Image-caption web data:
--- START ---
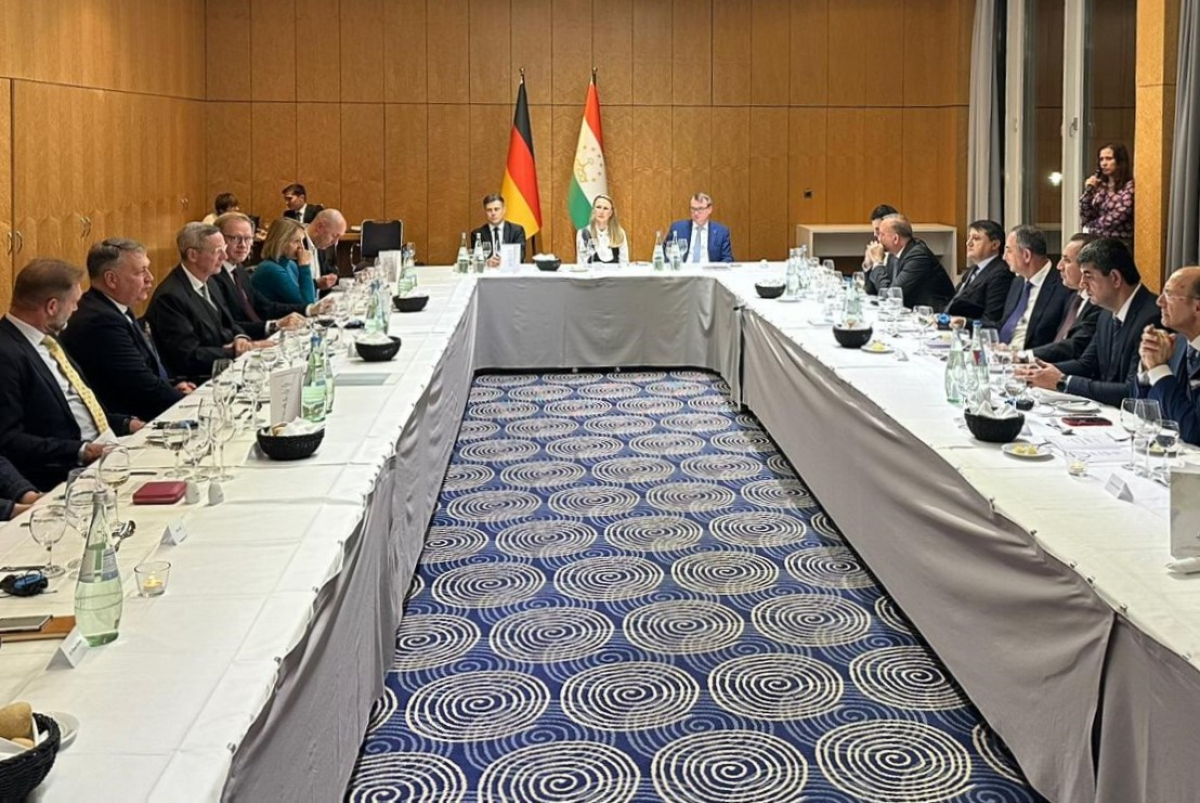 Tadschikistan empfiehlt sich für klimaneutrale Produktion Ost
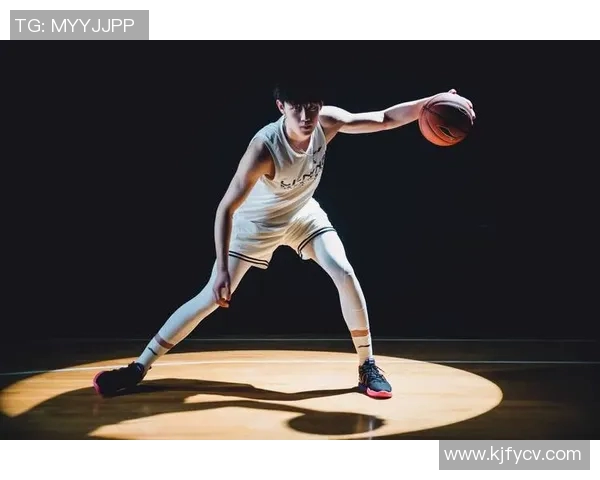 曾凡博的篮球之路：从青涩少年到职业赛场的蜕变与挑战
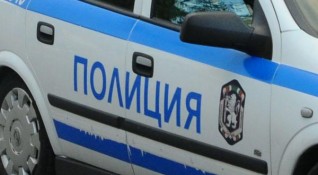 Четирима младежи нападнаха охранител в супер в центъра на София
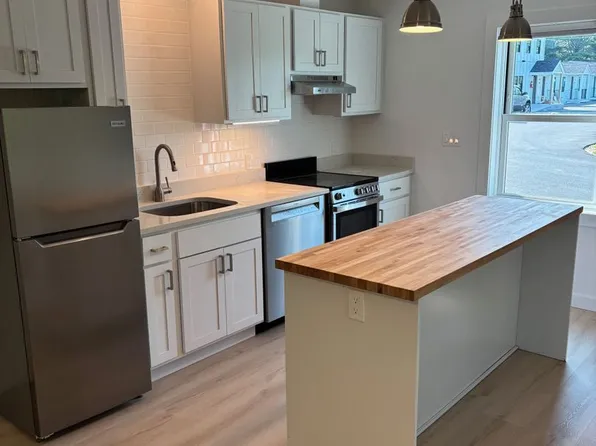 200 Laurel Street, 200 Laurel St #1, Lee, MA 01238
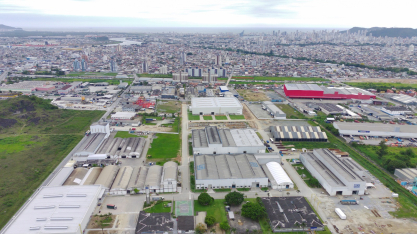 BNDES aprova R$ 280 milhões para fábrica de sistemas de armazenamento de energia em Santa Catarina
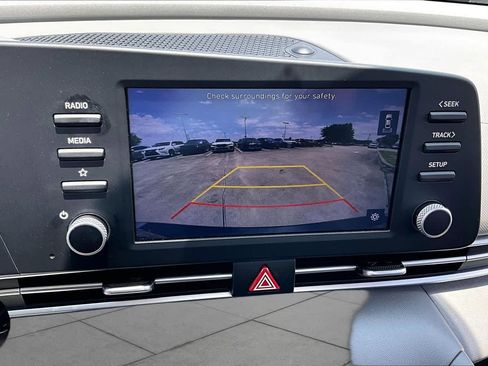 Used 2021 Hyundai Elantra SE FWD image 24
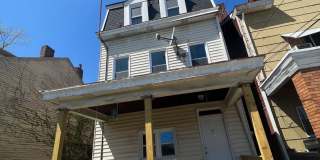 Newly Renovated 3 Bedroom, 1 Bathroom in Spring Hill- Central Air and Brand New Kitchen!! Gallery 1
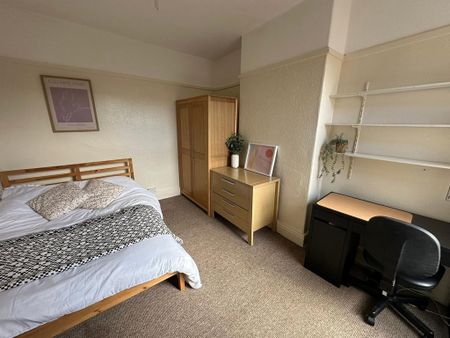 6 bedroom house to rent - Photo 4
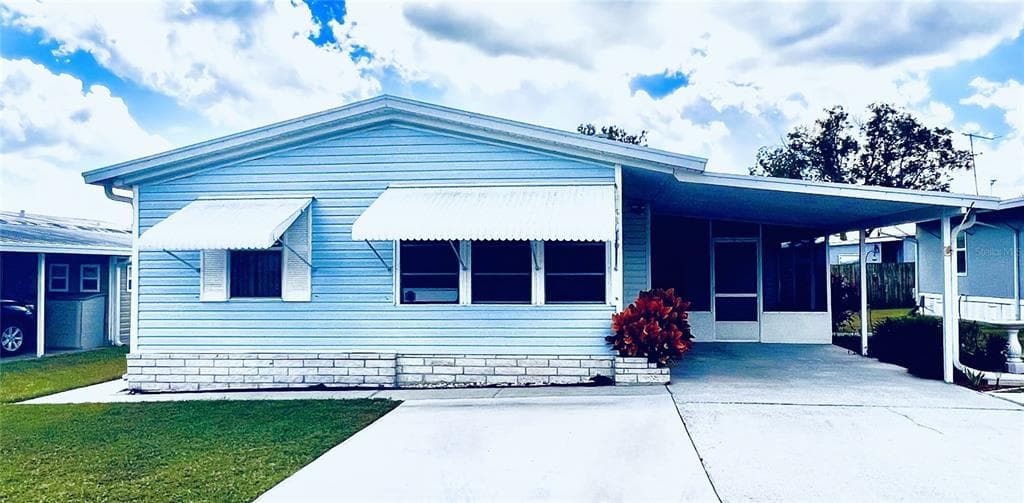 38650 GRANGER LANE ZEPHYRHILLS, FL 33542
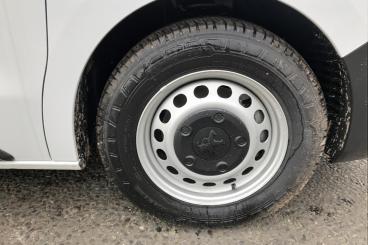 SPOTICAR Peugeot Expert E-expert E 1000 75kwh Professional Premium + Standard Panel Used Car - Commercial Vehicle Electric White - Southend-on-sea - 1200391779_5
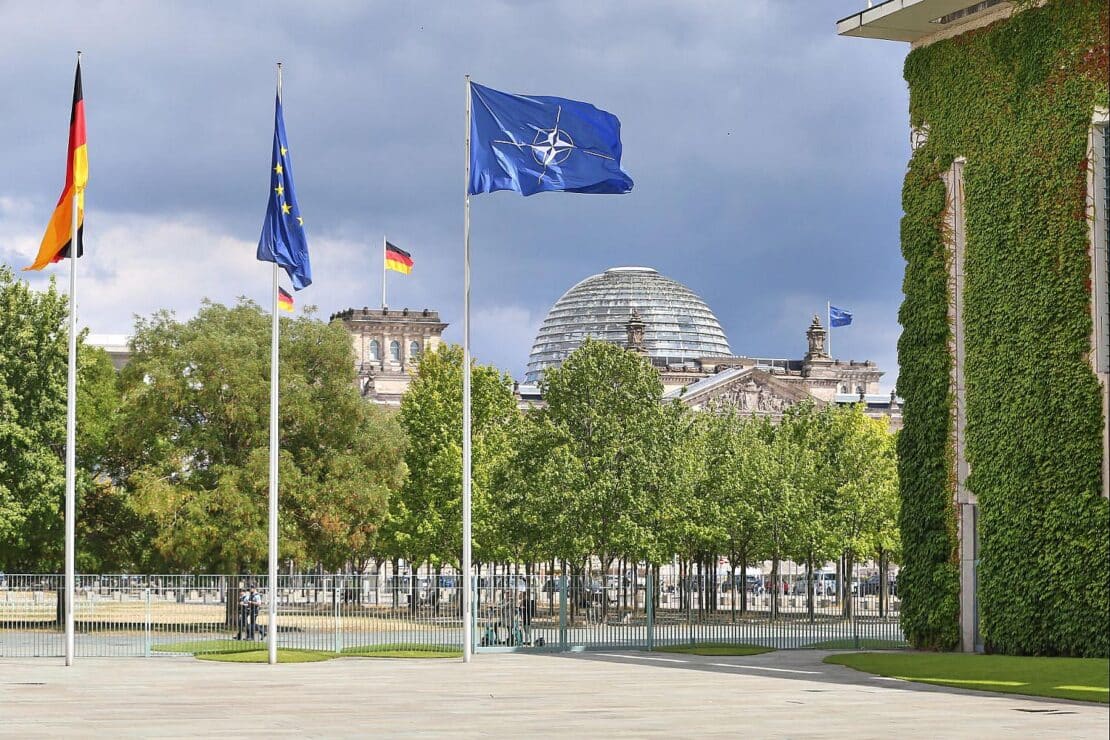 Klingbeil erwartet "Klartext" von Nato gegenüber Russland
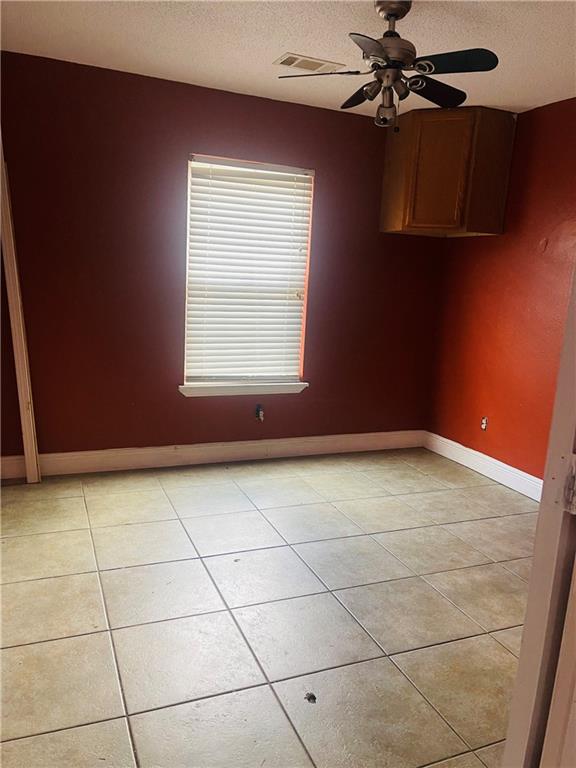 Marrero, Louisiana 70072, United States, 3 Bedrooms Bedrooms, ,2 BathroomsBathrooms,Residential,Active,56529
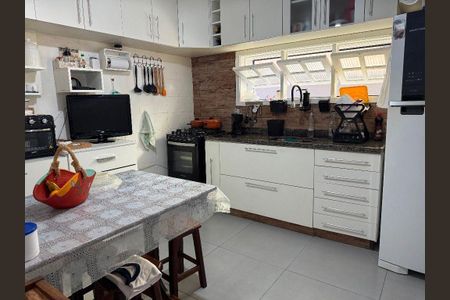 Casa à venda com 137m², 4 quartos e 2 vagas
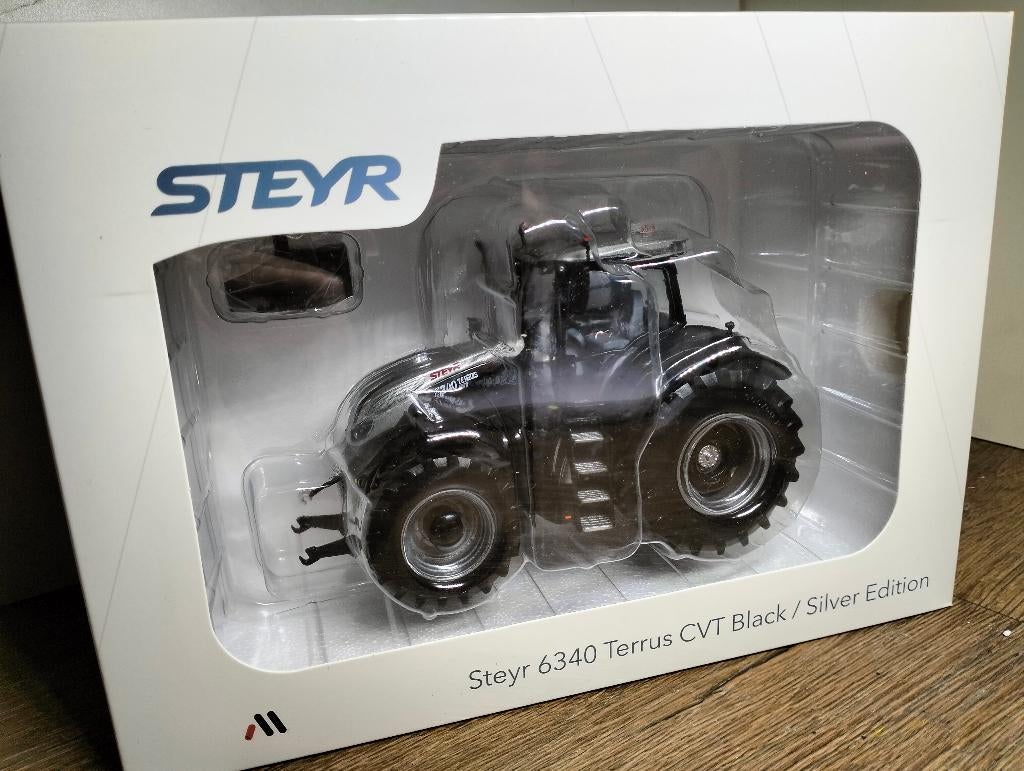 Te koop Marge Models Steyr 6340 Terrus Black/silver edition., Ophalen of Verzenden, Nieuw, Tractor of Landbouw, Overige merken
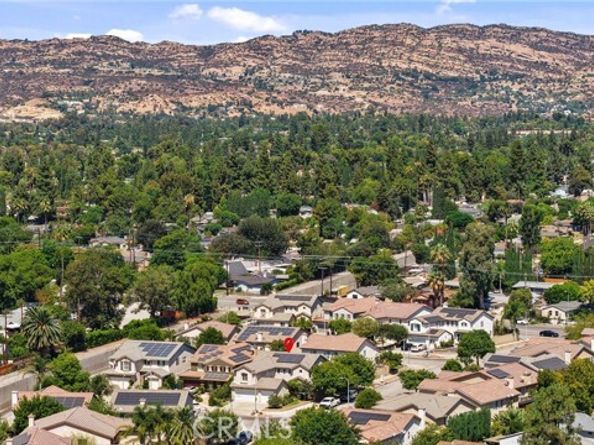 22601 Gault Street, West Hills (los Angeles) CA 91307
--- END ---
Task item: For each record above, write it out exactly and omit any picture.

Answer to this problem:
 Tadschikistan empfiehlt sich für klimaneutrale Produktion Ost
 曾凡博的篮球之路：从青涩少年到职业赛场的蜕变与挑战
 Четирима младежи нападнаха охранител в супер в центъра на София
 200 Laurel Street, 200 Laurel St #1, Lee, MA 01238
 BNDES aprova R$ 280 milhões para fábrica de sistemas de armazenamento de energia em Santa Catarina
 Used 2021 Hyundai Elantra SE FWD image 24
 Newly Renovated 3 Bedroom, 1 Bathroom in Spring Hill- Central Air and Brand New Kitchen!! Gallery 1
 6 bedroom house to rent - Photo 4
 38650 GRANGER LANE ZEPHYRHILLS, FL 33542
 SPOTICAR Peugeot Expert E-expert E 1000 75kwh Professional Premium + Standard Panel Used Car - Commercial Vehicle Electric White - Southend-on-sea - 1200391779_5
 Klingbeil erwartet "Klartext" von Nato gegenüber Russland
 Marrero, Louisiana 70072, United States, 3 Bedrooms Bedrooms, ,2 BathroomsBathrooms,Residential,Active,56529
 Casa à venda com 137m², 4 quartos e 2 vagas
 Te koop Marge Models Steyr 6340 Terrus Black/silver edition., Ophalen of Verzenden, Nieuw, Tractor of Landbouw, Overige merken
 22601 Gault Street, West Hills (los Angeles) CA 91307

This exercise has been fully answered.